What you return must match the listing below line for line, minus its pictures.
** Opening Available records block **
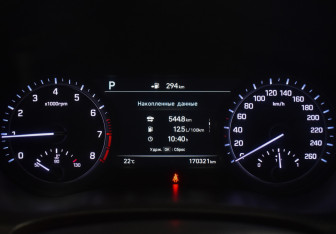 Подержанный автомобиль Genesis G80 2017 года (25 фото)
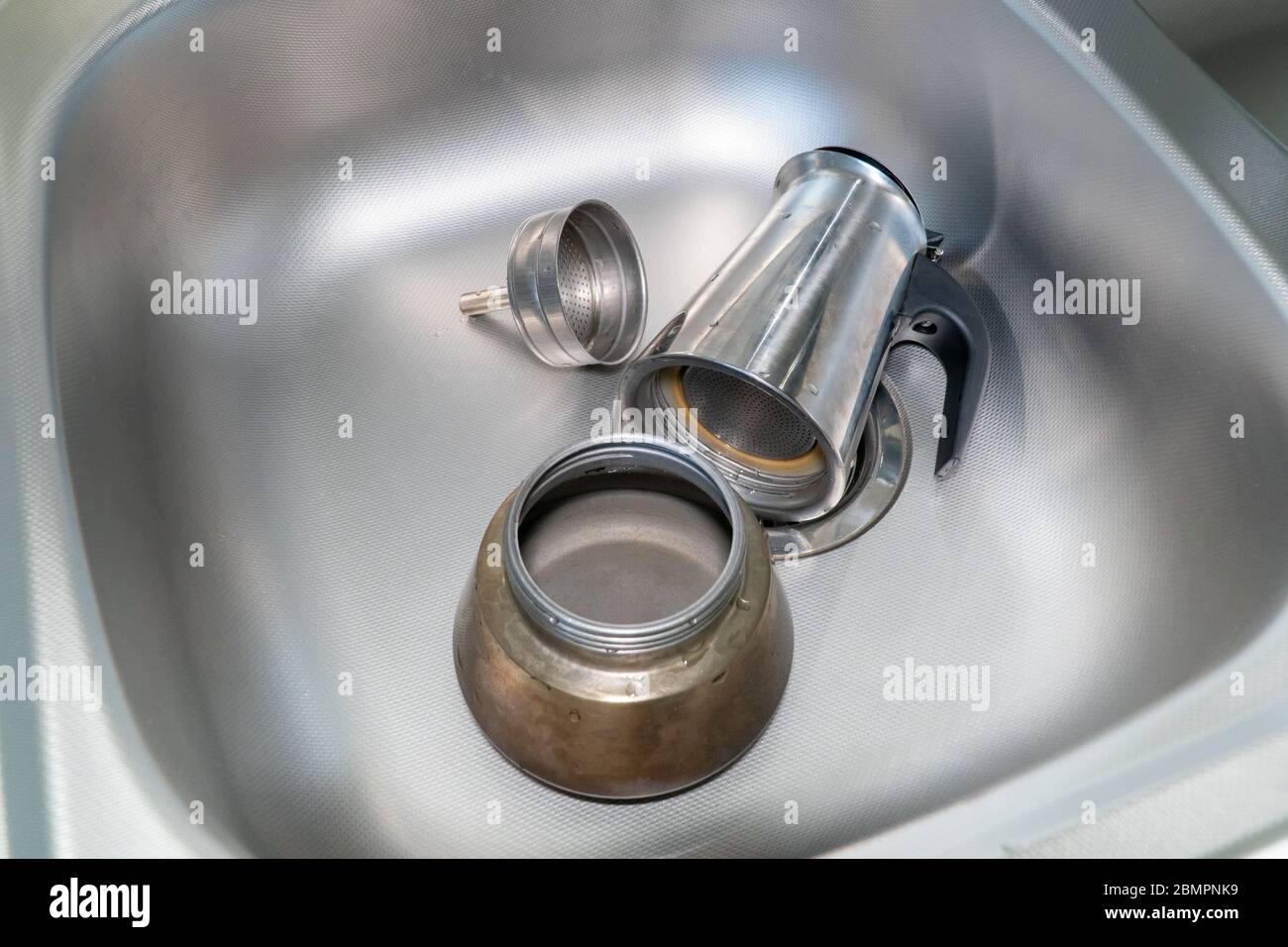 Cafetera desmontada en el fregadero fotografías e imágenes de alta  resolución - Alamy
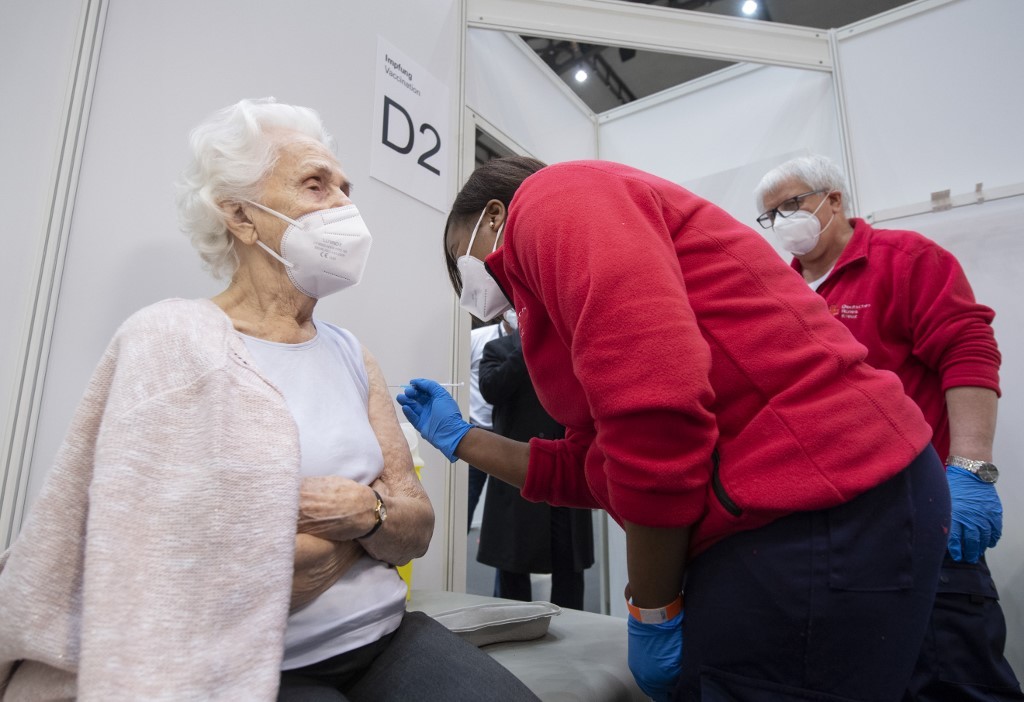 Controversia en Europa por la edad para aplicar las vacunas contra el coronavirus | Internacionales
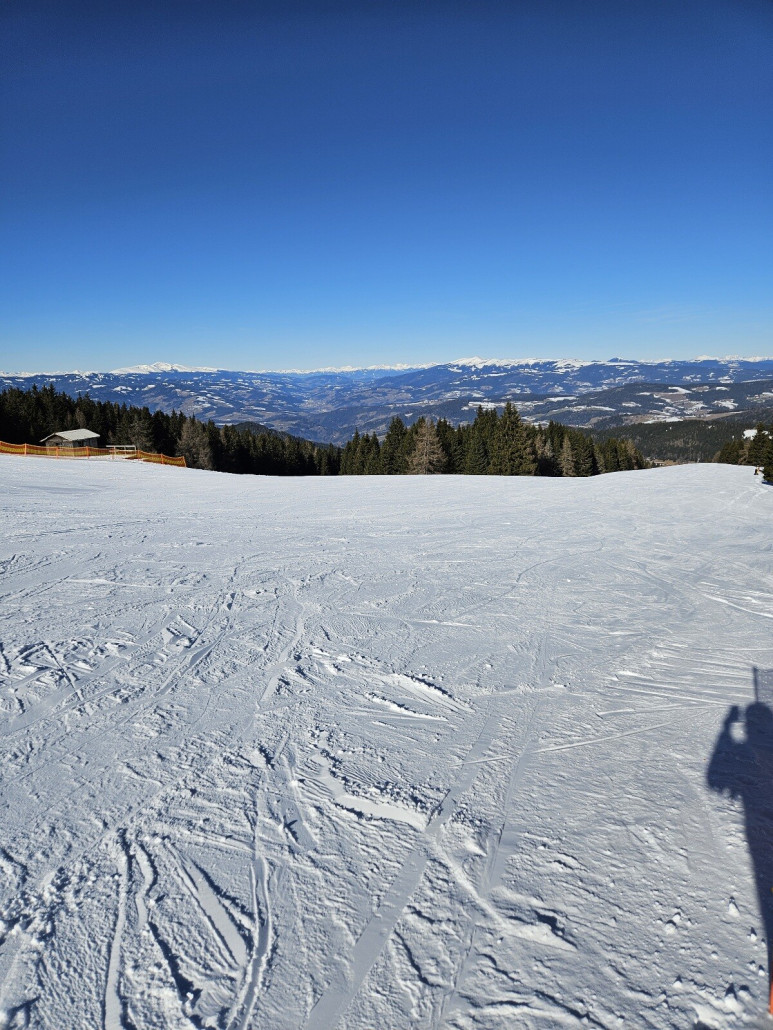 zum Einfahren die Raiffeisenpiste einmal genommen. Eigentlich ganz flach, aber mit vielen Eisplatten gespickt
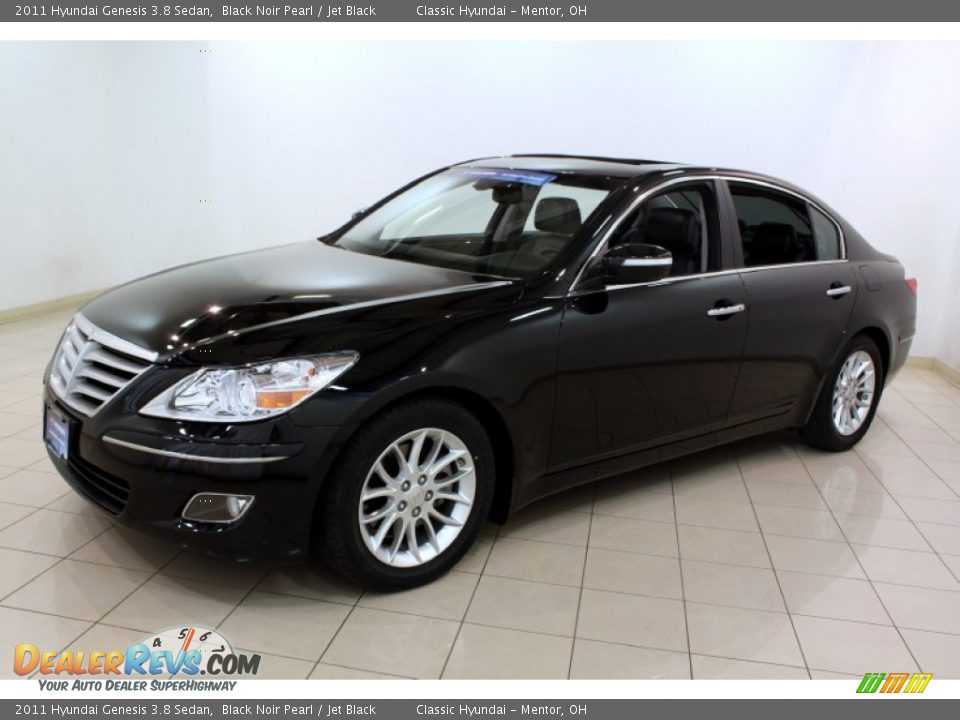 Front 3/4 View of 2011 Hyundai Genesis 3.8 Sedan Photo #3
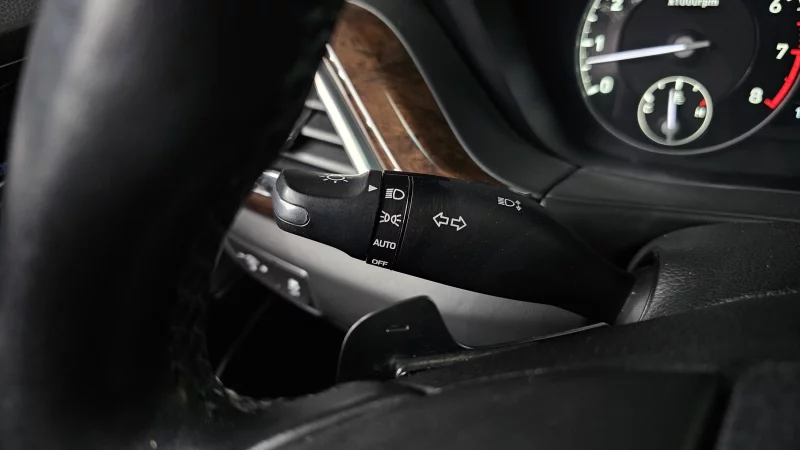 Genesis EQ900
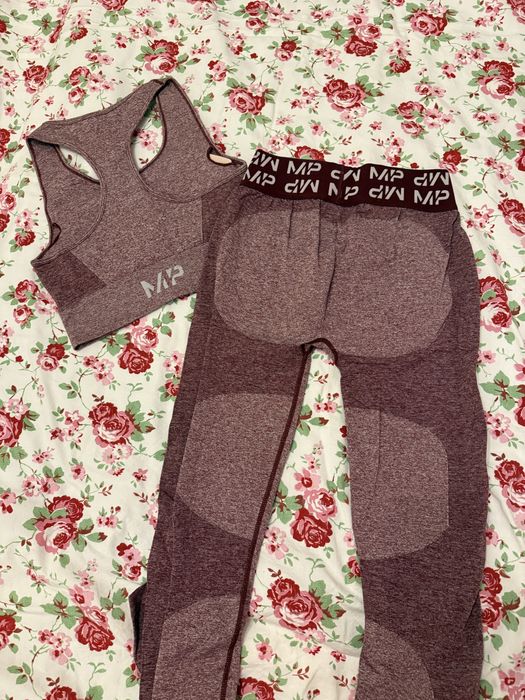 Nowy komplet bezszwowy legginsy i biustonosz My Protein rozmiar M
** Closing Available records block **
Answer:
 Подержанный автомобиль Genesis G80 2017 года (25 фото)
 Cafetera desmontada en el fregadero fotografías e imágenes de alta  resolución - Alamy
 Controversia en Europa por la edad para aplicar las vacunas contra el coronavirus | Internacionales
 zum Einfahren die Raiffeisenpiste einmal genommen. Eigentlich ganz flach, aber mit vielen Eisplatten gespickt
 Front 3/4 View of 2011 Hyundai Genesis 3.8 Sedan Photo #3
 Genesis EQ900
 Nowy komplet bezszwowy legginsy i biustonosz My Protein rozmiar M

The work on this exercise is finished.